• GOAL OF THE EXERCISE:
When you reach the line containing "BitcoinIsSaving's tweet card.", stop after it; until then, copy each line of the listing exactly, starting with the first.

• ENTRIES SHOWN:
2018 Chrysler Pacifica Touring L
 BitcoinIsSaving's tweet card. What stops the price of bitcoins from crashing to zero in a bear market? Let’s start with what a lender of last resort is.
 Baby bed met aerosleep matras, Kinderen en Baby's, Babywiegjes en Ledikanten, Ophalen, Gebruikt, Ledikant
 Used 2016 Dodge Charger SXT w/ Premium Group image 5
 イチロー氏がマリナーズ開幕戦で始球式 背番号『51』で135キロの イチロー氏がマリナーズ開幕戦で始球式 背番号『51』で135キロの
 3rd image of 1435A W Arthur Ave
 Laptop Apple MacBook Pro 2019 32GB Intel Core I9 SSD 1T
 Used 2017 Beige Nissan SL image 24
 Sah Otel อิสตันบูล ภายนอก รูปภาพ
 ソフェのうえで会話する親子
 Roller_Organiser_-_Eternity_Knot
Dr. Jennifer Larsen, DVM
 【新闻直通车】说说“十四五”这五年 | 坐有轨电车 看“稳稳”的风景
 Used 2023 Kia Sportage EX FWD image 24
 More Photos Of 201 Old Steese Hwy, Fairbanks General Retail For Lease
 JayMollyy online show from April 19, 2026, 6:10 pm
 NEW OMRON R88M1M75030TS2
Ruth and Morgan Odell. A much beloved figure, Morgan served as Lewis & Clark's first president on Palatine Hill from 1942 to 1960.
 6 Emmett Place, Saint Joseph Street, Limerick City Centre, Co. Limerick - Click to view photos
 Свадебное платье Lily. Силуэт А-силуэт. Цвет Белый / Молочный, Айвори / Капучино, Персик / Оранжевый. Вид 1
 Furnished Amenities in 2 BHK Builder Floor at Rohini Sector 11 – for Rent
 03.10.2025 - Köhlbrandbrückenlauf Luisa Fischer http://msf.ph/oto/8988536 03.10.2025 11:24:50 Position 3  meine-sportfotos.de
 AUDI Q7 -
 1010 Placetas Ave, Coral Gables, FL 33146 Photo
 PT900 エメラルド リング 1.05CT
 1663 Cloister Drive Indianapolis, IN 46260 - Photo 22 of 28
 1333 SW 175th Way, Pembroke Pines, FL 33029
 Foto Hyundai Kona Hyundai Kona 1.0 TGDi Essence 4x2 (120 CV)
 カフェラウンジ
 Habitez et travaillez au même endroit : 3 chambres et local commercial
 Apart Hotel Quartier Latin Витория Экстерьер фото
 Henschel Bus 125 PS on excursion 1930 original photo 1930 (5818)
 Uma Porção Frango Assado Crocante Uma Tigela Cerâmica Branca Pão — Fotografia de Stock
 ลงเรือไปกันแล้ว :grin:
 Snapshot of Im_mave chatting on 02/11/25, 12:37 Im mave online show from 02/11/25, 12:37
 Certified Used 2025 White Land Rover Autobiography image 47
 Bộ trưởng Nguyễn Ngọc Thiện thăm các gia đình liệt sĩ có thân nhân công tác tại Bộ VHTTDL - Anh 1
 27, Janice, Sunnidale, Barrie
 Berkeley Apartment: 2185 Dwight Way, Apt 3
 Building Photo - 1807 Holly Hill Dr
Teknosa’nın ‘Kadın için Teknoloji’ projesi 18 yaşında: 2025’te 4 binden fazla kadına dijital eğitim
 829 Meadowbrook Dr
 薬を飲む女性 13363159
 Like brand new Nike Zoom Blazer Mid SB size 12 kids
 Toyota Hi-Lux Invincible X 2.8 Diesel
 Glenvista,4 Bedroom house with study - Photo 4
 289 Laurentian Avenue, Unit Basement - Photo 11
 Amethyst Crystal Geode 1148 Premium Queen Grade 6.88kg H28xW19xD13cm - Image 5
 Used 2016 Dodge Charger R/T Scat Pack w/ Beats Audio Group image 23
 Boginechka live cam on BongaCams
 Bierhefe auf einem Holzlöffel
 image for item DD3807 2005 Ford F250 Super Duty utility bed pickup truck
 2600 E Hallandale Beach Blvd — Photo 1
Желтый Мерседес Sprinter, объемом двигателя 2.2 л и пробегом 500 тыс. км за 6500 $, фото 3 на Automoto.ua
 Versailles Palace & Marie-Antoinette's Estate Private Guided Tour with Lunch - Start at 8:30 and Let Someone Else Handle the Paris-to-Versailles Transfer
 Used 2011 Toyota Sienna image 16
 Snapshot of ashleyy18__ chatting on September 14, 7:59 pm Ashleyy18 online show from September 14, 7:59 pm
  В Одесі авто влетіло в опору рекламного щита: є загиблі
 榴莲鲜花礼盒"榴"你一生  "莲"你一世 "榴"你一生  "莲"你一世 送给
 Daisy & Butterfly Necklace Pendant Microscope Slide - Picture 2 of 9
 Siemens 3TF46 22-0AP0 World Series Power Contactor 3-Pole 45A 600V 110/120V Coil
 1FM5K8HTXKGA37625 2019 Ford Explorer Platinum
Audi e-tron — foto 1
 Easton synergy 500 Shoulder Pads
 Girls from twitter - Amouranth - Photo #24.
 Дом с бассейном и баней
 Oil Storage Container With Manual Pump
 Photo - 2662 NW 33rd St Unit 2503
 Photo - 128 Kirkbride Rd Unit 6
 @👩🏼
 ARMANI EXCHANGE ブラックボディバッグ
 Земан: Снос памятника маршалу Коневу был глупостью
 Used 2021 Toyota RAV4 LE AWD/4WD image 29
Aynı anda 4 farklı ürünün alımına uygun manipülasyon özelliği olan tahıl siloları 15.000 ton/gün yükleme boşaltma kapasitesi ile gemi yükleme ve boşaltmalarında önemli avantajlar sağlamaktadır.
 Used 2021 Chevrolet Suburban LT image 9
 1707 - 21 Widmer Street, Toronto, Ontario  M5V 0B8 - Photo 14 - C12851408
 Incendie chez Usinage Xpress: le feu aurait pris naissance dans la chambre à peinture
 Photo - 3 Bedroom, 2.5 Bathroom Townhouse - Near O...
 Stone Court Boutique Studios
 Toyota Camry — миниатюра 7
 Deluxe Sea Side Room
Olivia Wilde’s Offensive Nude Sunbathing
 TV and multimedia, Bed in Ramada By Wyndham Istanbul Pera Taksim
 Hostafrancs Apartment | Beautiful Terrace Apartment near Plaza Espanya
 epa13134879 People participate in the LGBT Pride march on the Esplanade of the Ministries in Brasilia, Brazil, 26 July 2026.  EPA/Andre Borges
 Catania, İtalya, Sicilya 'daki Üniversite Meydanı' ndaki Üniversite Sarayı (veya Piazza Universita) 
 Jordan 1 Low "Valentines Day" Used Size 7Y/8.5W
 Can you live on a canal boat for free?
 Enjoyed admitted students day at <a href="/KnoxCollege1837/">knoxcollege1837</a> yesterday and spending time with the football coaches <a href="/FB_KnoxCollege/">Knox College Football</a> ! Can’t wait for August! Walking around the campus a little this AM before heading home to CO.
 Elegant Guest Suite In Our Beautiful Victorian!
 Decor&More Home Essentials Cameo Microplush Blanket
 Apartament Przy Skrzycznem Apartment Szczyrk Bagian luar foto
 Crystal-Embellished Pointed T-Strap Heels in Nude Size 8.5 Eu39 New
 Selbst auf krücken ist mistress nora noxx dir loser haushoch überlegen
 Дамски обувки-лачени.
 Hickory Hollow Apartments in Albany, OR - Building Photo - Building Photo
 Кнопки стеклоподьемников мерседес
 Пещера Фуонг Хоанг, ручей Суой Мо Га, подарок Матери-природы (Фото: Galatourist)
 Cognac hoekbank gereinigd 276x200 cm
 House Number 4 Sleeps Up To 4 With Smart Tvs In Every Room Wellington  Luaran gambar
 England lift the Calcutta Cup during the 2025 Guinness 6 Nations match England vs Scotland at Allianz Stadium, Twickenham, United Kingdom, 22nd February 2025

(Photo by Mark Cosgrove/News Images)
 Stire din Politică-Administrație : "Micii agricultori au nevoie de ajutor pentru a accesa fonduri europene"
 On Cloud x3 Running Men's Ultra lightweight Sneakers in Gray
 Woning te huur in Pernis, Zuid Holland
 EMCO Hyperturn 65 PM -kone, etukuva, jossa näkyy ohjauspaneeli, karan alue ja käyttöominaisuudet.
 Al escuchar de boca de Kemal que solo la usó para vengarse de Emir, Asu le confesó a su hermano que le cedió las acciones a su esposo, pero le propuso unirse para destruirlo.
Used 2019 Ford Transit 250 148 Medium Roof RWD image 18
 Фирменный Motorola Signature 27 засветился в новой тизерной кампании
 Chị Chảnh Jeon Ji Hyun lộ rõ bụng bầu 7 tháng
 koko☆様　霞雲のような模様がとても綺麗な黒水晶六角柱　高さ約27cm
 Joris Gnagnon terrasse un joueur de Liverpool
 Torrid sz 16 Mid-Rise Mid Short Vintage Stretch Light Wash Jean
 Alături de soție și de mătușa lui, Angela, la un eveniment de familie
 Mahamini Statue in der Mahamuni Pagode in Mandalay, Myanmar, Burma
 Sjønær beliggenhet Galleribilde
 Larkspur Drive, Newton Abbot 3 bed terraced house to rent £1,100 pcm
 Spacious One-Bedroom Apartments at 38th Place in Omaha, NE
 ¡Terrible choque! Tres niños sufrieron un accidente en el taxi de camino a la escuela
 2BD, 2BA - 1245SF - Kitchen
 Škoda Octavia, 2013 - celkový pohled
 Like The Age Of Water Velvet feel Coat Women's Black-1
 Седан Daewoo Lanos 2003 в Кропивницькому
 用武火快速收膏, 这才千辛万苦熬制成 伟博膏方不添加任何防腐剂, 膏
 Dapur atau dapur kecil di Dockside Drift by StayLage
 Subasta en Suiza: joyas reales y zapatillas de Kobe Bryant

• SOLUTION TO THIS TASK:
2018 Chrysler Pacifica Touring L
 BitcoinIsSaving's tweet card. What stops the price of bitcoins from crashing to zero in a bear market? Let’s start with what a lender of last resort is.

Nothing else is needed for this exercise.